Meet the Altamiras at the Met

Editorial Staff Art

Go to the Metropolitan and meet the Altamiras, one of the richest and most illustrious families of 18th Century Spain. Four of Goya’s portraits of the family are assembled in one place for the first time in a century and a half. So illustrious was the family that the father, Vicente Joaquín Osorio Moscoso y Guzmán, 12th Conde de Altamira, was said to have more titles to his name than any Spaniard of his time. And though the family would ultimately lose most of its wealth in the catastrophic upheaval that followed Napoleon’s invasion of Spain in 1808, at the time when Goya painted these four sitters, between 1786 and 1788, they seemed positively pink with prosperity.

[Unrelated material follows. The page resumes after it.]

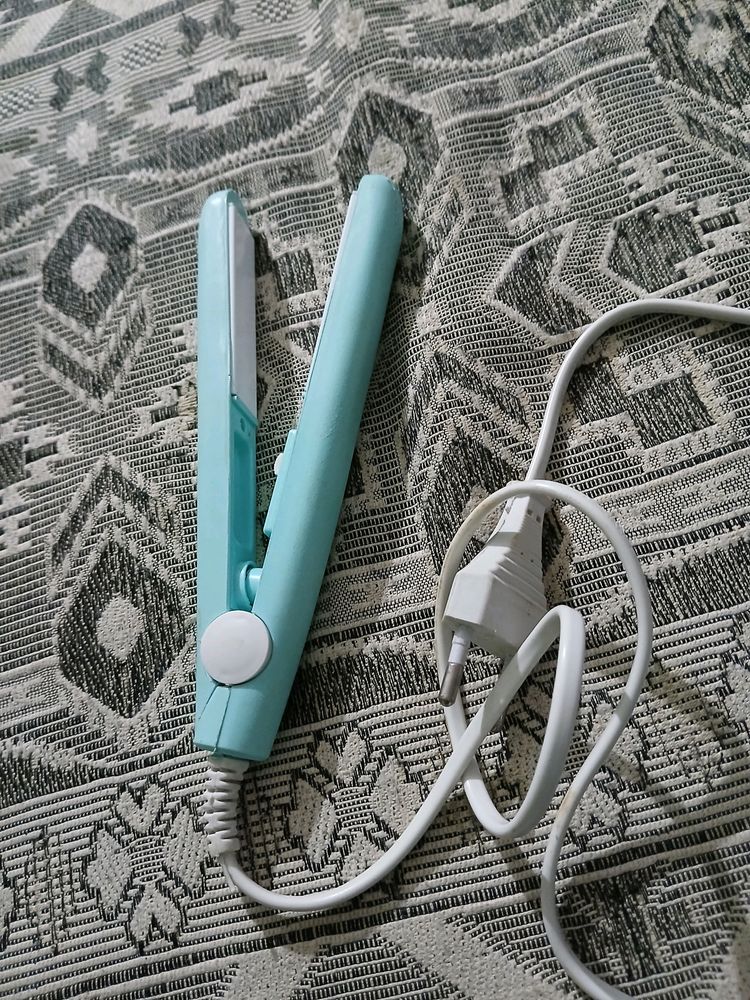 Mini Hair Straightener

Frequent visitors to the Met will already be familiar with two of these works, the Lehman Collection’s pearline portrait of Maria Ignacia Álvarez de Toledo, Condesa de Altamira, holding an infant girl in her arms, and the portrait of Manuel Osorio Manrique de Zuñiga, Maria’s younger son. The latter, a boy in a brilliant red suit who holds a pet bird on a string, has become, in recent years, quite literally the face of the Met, having graced the cover of the guide to the collection, as well as other promotional materials.

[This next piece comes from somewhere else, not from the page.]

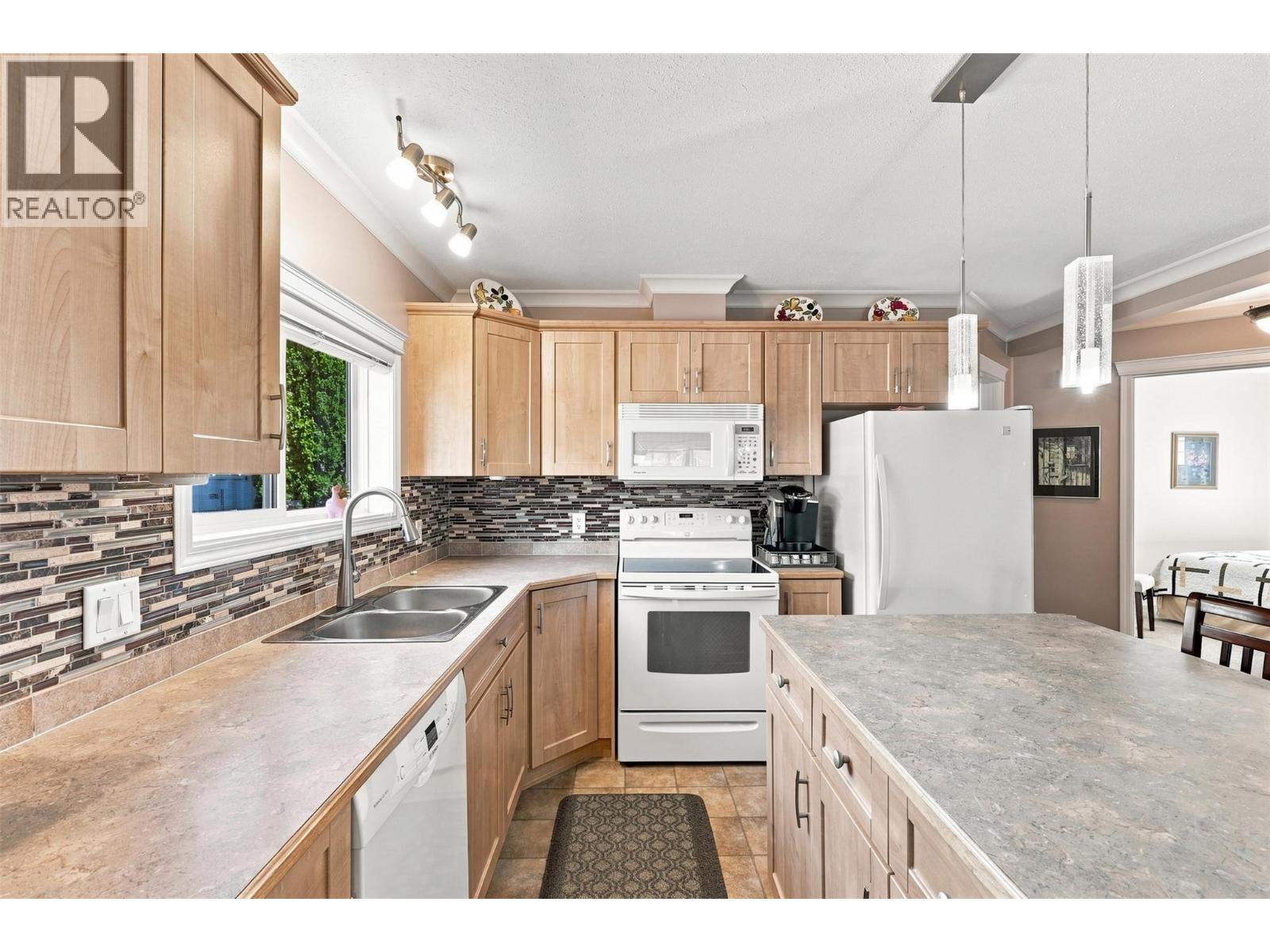 #15 791 JENSEN Road - 6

Another fine portrait depicts Vicente Osorio de Moscoso, Conde de Trastámara. The elder son of Vicente and Maria, he was destined, unlike his younger brother, to survive into adulthood. Being the oldest child, who was expected to inherit the title, Vicente Jr. is not depicted, as was his brother, amid the frivolities of childhood, but rather in the staid raiments of precocious adulthood. All of ten years old, he hides his right hand soberly in a fold of his vest in a way that weirdly presages Napoleon, who at the time was a teen-ager himself. Only the little dog barking at his leg gives the lie to his sober-sided expression.

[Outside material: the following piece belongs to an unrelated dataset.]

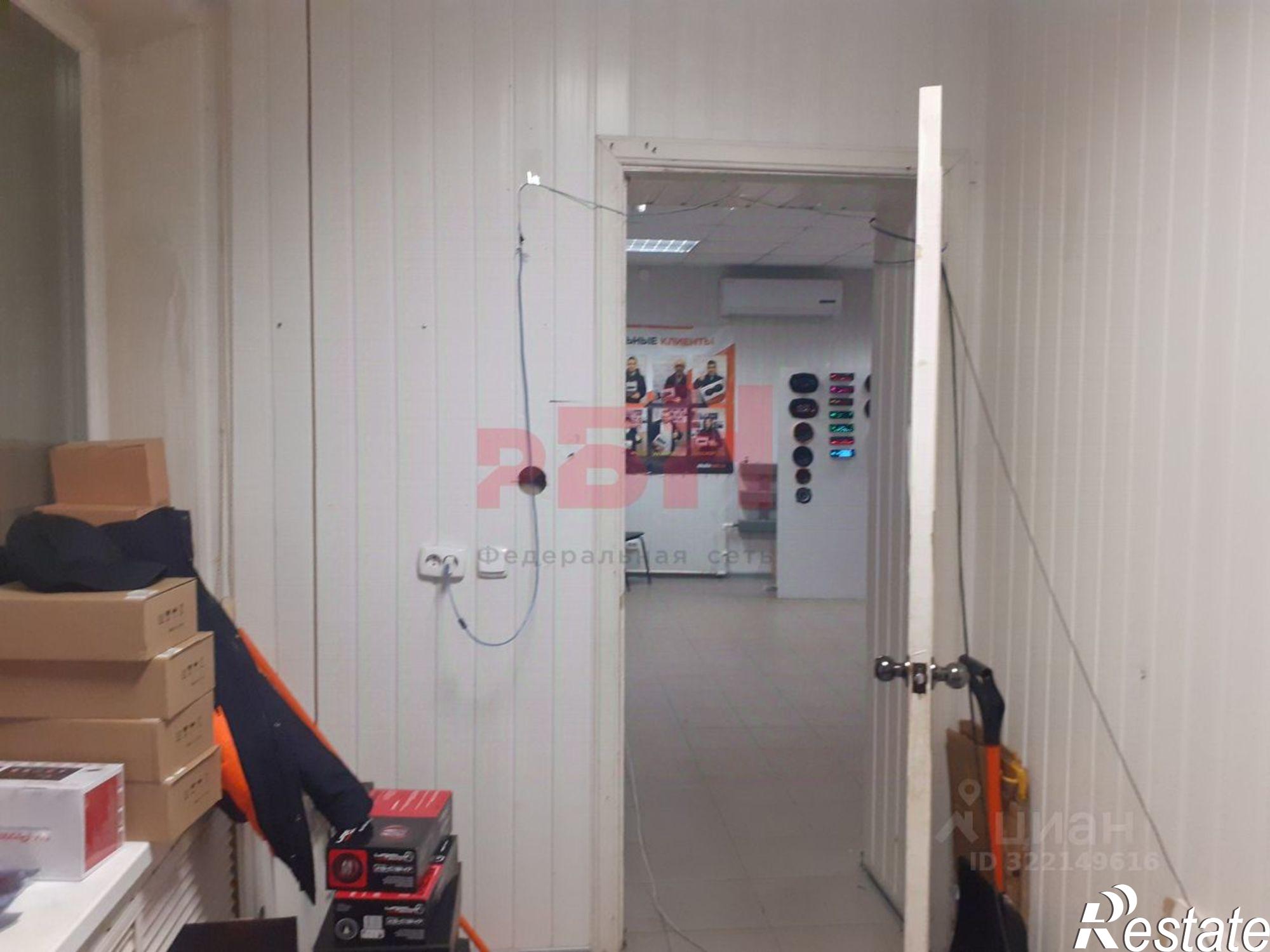 Сдать торговое помещение за 100 000 рублей на ул Каракозова, 35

Portrait of Vicente Osorio de Moscoso, Conde de Trastamara by Goya, c. 1787. Oil on canvas, 54 1/2 by 41 inches. Private Collection. 

The best of the portraits, perhaps, is that of his father, an extremely tiny man, according to contemporary report. In odd contrast to his precocious son, he looks like an overaged child, whose feet reach the floor with difficulty from the yellow satin chair on which he sits beside a stately writing table of the same hue.

A third son, Juan Maria Osorio, is depicted in a final portrait, not by Goya, but by Agustín Esteve y Marques, an artist far inferior to Goya. And yet, as fine as Goya’s four paintings are, we must not misunderstand the nature of their excellence. We find here little if any psychological penetration. In its place is and an exuberant willingness to flatter the sitters. Goya, the dark and mocking protomodernist, would emerge some years later: for now, these complaisant works exhale the last, lingering enchantments of the ancien regime.